Mauro chegou à sala e despertou a curiosidade da meninada. Pela primeira vez, a turma tinha um colega com Síndrome de Down. Com comportamento agressivo, procurava compensar a deficiência de sua linguagem verbal. Batia na professora e nos colegas, tornando-se necessário esclarecer a turma sobre as dificuldades e as razões que o levavam a agir daquela forma. Contudo, a criançada permanecia temerosa, o que é natural dentro de um processo de adaptação. Uma chegou a não querer ir para a escola, fantasiando que Mauro podia matar a professora. Esta chamou a mãe para conversar que, ao entender os fatos, com muita sensibilidade, explicou ao filho: “O Mauro não sabe que não pode bater. Ensina pra ele”. No outro dia, seu filho chegou à sala ensinando aos colegas que precisavam ter carinho com o Mauro. E aos poucos toda a turma foi mudando o comportamento. Passaram, juntos, a cuidar do colega – levá-lo para o recreio, ajudá-lo com o lanche e atividades pedagógicas, incluindo-o nas brincadeiras. O que não significa dizer que acabaram todos os conflitos.
Estamos diante de um caso de inclusão, algo novo na sociedade e na escola regular. Outrora, as crianças deficientes eram mantidas trancadas em casa e cuidadas somente pela família e a babá. Na história da civilização, quem é diferente sempre foi segregado. A psicanalista Ana Senra, em seu livro Inclusão e Singularidade, confirma que é mais fácil isolar que incluir. “Eliminação de corpos deficientes nas sociedades espartanas, um discurso religioso que associa conteúdos diabólicos ou pecaminosos às imperfeições humanas.”Ainda hoje, muitas crianças são segregadas pelos diagnósticos médicos e confinadas em escolas especiais.
Felizmente o mundo está despertando. Na Declaração Mundial de Educação para Todos, aprovada pela ONU em 1990, está implícito o direito da pessoa deficiente à educação. E tal documento inspirou o Brasil. Em 1998, o governo federal determinou a inclusão de alunos especiais nas salas regulares. Contudo, poucas escolas a cumprem alegando não estarem preparadas para lidar com esse tipo de criança. Mas, como se preparar? Quem nos prepara para ser mãe ou pai? O filho, não é mesmo? E quem prepara a professora para dar aula para uma criança de inclusão? O aluno. O importante é ter disposição e dedicação para enfrentar os desafios, que certamente são muitos, e também para pesquisar e estudar bastante. Uma criança que tem problemas para aprender aponta dificuldades que o professor tem para ensinar.

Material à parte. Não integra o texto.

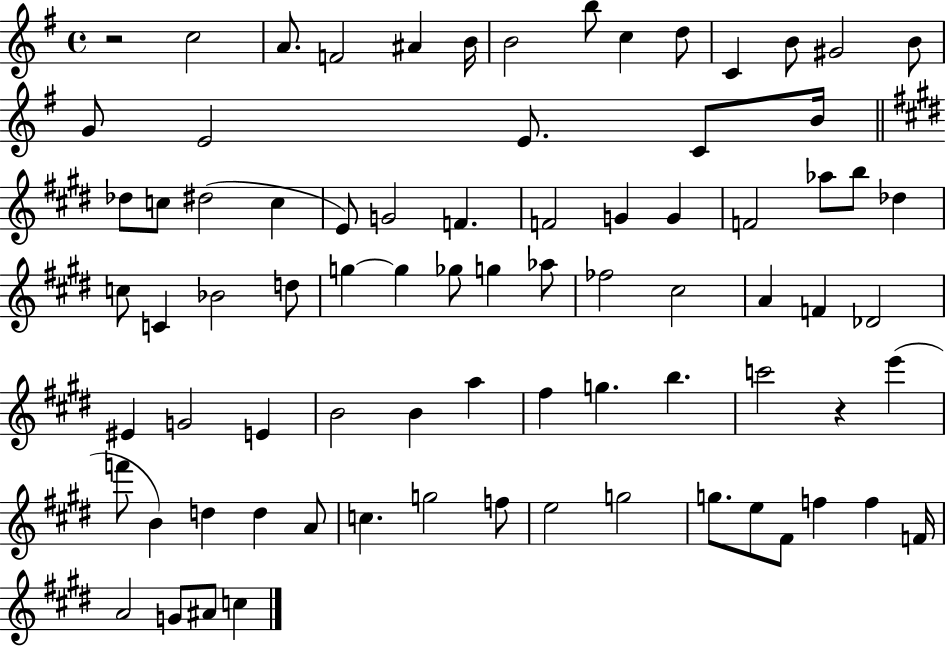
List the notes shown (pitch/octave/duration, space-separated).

R/h C5/h A4/e. F4/h A#4/q B4/s B4/h B5/e C5/q D5/e C4/q B4/e G#4/h B4/e G4/e E4/h E4/e. C4/e B4/s Db5/e C5/e D#5/h C5/q E4/e G4/h F4/q. F4/h G4/q G4/q F4/h Ab5/e B5/e Db5/q C5/e C4/q Bb4/h D5/e G5/q G5/q Gb5/e G5/q Ab5/e FES5/h C#5/h A4/q F4/q Db4/h EIS4/q G4/h E4/q B4/h B4/q A5/q F#5/q G5/q. B5/q. C6/h R/q E6/q F6/e B4/q D5/q D5/q A4/e C5/q. G5/h F5/e E5/h G5/h G5/e. E5/e F#4/e F5/q F5/q F4/s A4/h G4/e A#4/e C5/q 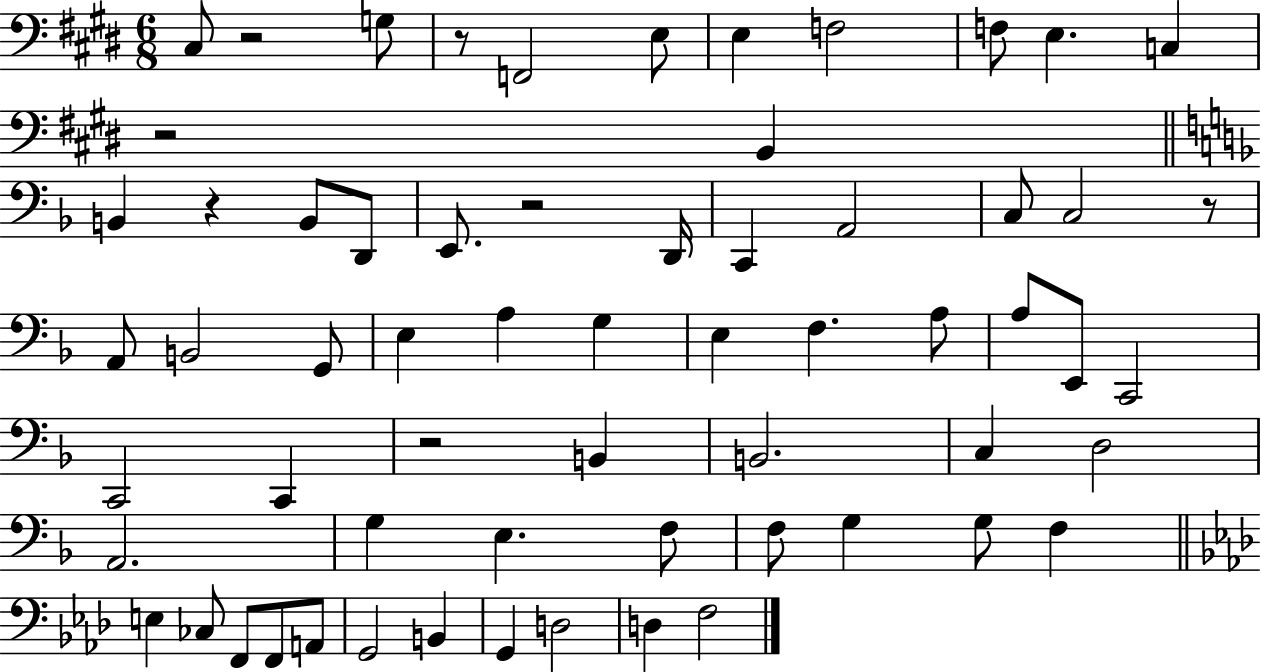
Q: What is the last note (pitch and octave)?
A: F3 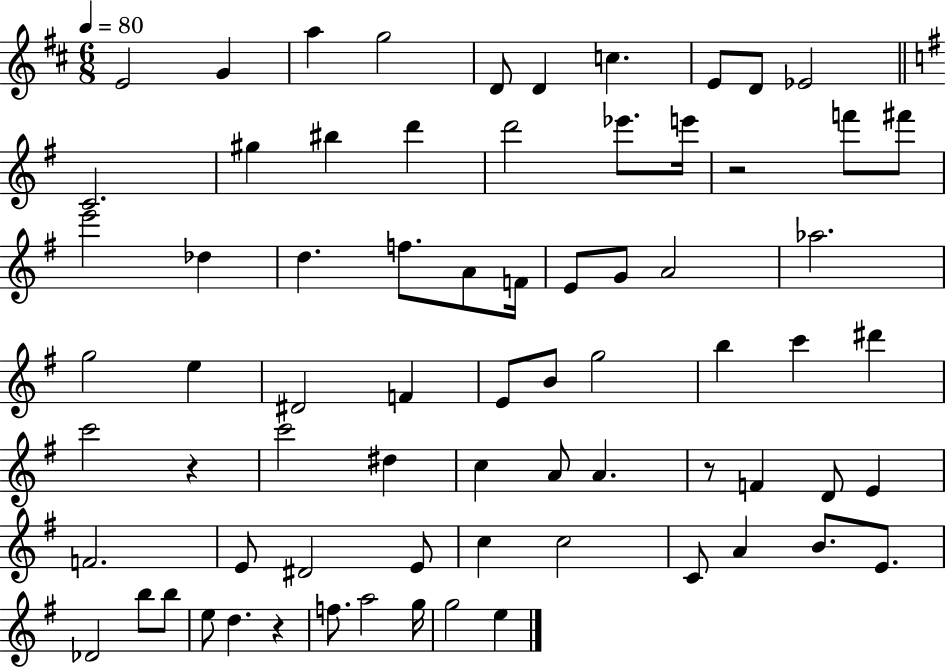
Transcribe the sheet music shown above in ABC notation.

X:1
T:Untitled
M:6/8
L:1/4
K:D
E2 G a g2 D/2 D c E/2 D/2 _E2 C2 ^g ^b d' d'2 _e'/2 e'/4 z2 f'/2 ^f'/2 e'2 _d d f/2 A/2 F/4 E/2 G/2 A2 _a2 g2 e ^D2 F E/2 B/2 g2 b c' ^d' c'2 z c'2 ^d c A/2 A z/2 F D/2 E F2 E/2 ^D2 E/2 c c2 C/2 A B/2 E/2 _D2 b/2 b/2 e/2 d z f/2 a2 g/4 g2 e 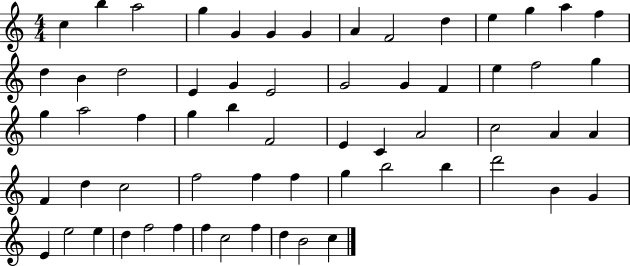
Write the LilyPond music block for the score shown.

{
  \clef treble
  \numericTimeSignature
  \time 4/4
  \key c \major
  c''4 b''4 a''2 | g''4 g'4 g'4 g'4 | a'4 f'2 d''4 | e''4 g''4 a''4 f''4 | \break d''4 b'4 d''2 | e'4 g'4 e'2 | g'2 g'4 f'4 | e''4 f''2 g''4 | \break g''4 a''2 f''4 | g''4 b''4 f'2 | e'4 c'4 a'2 | c''2 a'4 a'4 | \break f'4 d''4 c''2 | f''2 f''4 f''4 | g''4 b''2 b''4 | d'''2 b'4 g'4 | \break e'4 e''2 e''4 | d''4 f''2 f''4 | f''4 c''2 f''4 | d''4 b'2 c''4 | \break \bar "|."
} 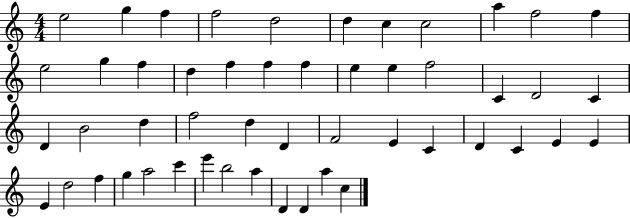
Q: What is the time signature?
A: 4/4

Precisamos compreender que todo indivíduo possui aptidões e reúne condições de desempenhar atividades, desde que tenha oportunidades para desenvolver seu potencial. Como diz a mãe do Joãozinho, personagem do belíssimo documentário Inclusão, de Beto Magalhães. “Ele não deu pra leitura, mas deu pro trabalho”. O rapaz, além de ajudar a mãe nos afazeres domésticos, trabalha num restaurante.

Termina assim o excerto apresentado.